- Gregory, Mackenzie J.
- Ship histories and stories, History - WW2
- RAN Ships
- None noted.
- June 2001 edition of the Naval Historical Review (all rights reserved)
I-52, the Japanese submarine, was one of three Type C3 submarines that were built over 1943/1944.
This class designed as cargo carriers were huge boats, 356.5 feet long, with a beam of 30.5 feet, a tonnage of 2,564 tons, and carrying a crew of 94.
The cruising range was an incredible 21,000 nautical miles, at a speed of 12 knots.
It was in March of 1944 when I-52 left her base at Kure, bound for Lorient in occupied France, she was loaded with 2 tons of gold, and raw materials urgently needed in Nazi Germany, also on board were 14 experts from Japanese industrial companies such as Mitsubishi.

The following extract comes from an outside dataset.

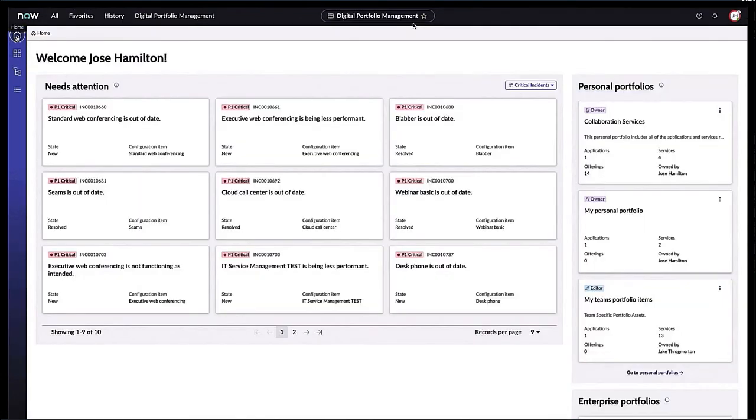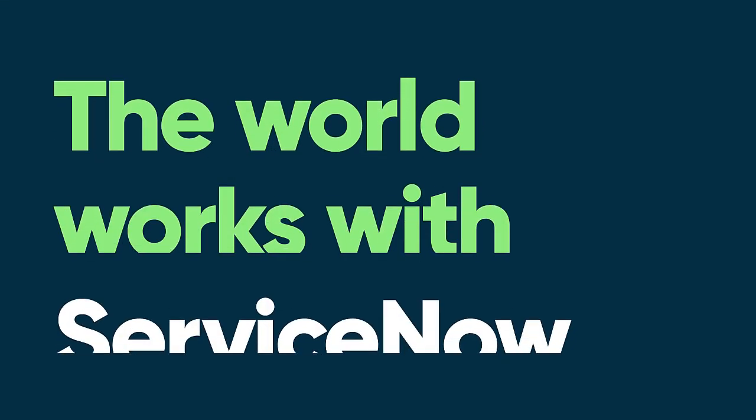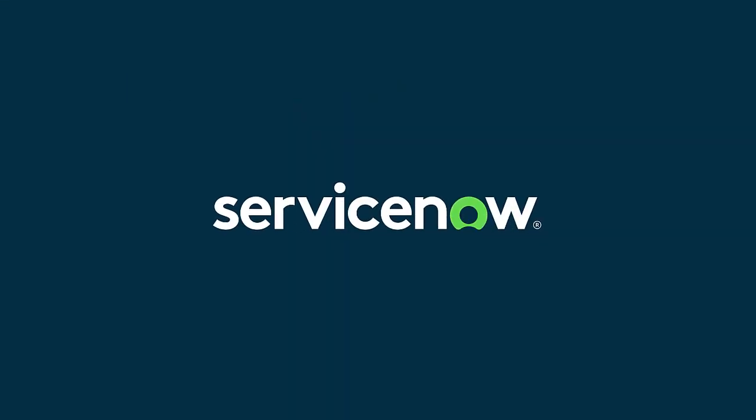And this is Digital Portfolio Management in a nutshell. Again, really giving service owners a way to optimize their personal portfolio performance, really optimizing the services, the applications in one unified workspace.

In return, the Japanese were seeking German technology, including radar.
I-52 called in at Singapore to load rubber, and 3 tons of quinine, and then shaped her course across the Indian ocean for the Cape of Good Hope.
The Allies’ signal intelligence and code breaking expertise allowed them to intercept and read all of I-52’s reports to both Tokyo and Berlin. Her cargo and reported progress were known, and an American task force including the small escort carrier USS Bogue, (converted from a merchant ship hull, and carrying 14 aircraft) was positioned to intercept this Japanese submarine blockade runner.
On June 23, 1944, the German U-Boat U-530, met with I-52 in mid Atlantic about 870 nautical miles from the Cape Verde Islands, and transferred two German radio ratings, Petty Officers Schulze and Behrendt, plus radar detection equipment, to be installed, and working prior to I-52 reaching dangerous European waters. Just over two hours later these submarines parted company, and the Japanese boat cruised on the surface, at 15 knots, on a dark moonless night, no doubt feeling to be quite safe in this part of the Atlantic Ocean.
But I-52, was carrying an entirely false hope, at that time she was being tracked by airborne radar carried by an Avenger bomber which had earlier been launched from the Bogue. It was piloted by Lieutenant Commander Jesse D. Taylor, he quickly dropped two flares which lit up I-52, then two depth charges (which missed) close to the submarine’s starboard side. The submarine crash-dived, and the Avenger dropped a purple coded Sono buoy to track I-52.
Sono buoys are dropped in the ocean by aircraft, usually in a pattern of five buoys, they are colour-coded: Purple, Orange, Blue, Red and Yellow, (POBRY). Each buoy floats, and transmits any underwater sounds it picks up from a submarine in the near vicinity. The searching aircraft is able to monitor each buoy in turn to listen for sounds emitted by its target.
(During my specialist Torpedo Anti-Submarine course in UK over 1947 and part of 1948, I spent time at Londonderry in Northern Ireland, flying in Liberator Bombers, dropping patterns of Sonobuoys over suspected submarine positions and then monitoring the results. It was quite exciting to hear the noise level emanating from the submarine’s propellors, when one had scored a bullseye with the sonobuoys, and then could calculate the course and speed of the target boat.)
Taylor now launched an acoustic torpedo, designed to home onto I-52’s propeller noise, it quickly found its target, a loud explosion followed, then quietness descended on the scene, as the Japanese submarine with all its crew and passengers sank to the ocean floor.
The exact location of the sunken I-52 has remained a mystery for over 50 years.
In 1991, a Texan, Paul Tidwell, a former US army infantryman who had served two tours in Vietnam, and had won a Purple Heart, commenced to scour recently declassified documents in the National Archives, looking for details of I-52, and its likely resting place, some 3.2 miles down on the bottom of the Atlantic Ocean, at a depth of 1 mile further down than that at which Titanic had been found.
A private investor was unearthed, and he put one million dollars into Tidwell’s All Holdings Company, and a Seattle based company, Sound Ocean Systems was approached about locating the Japanese submarine wreck using a side scan sonar towed above the ocean floor. At this stage, the search area was still a formidable 100 square miles of ocean, and the sea bed was uneven.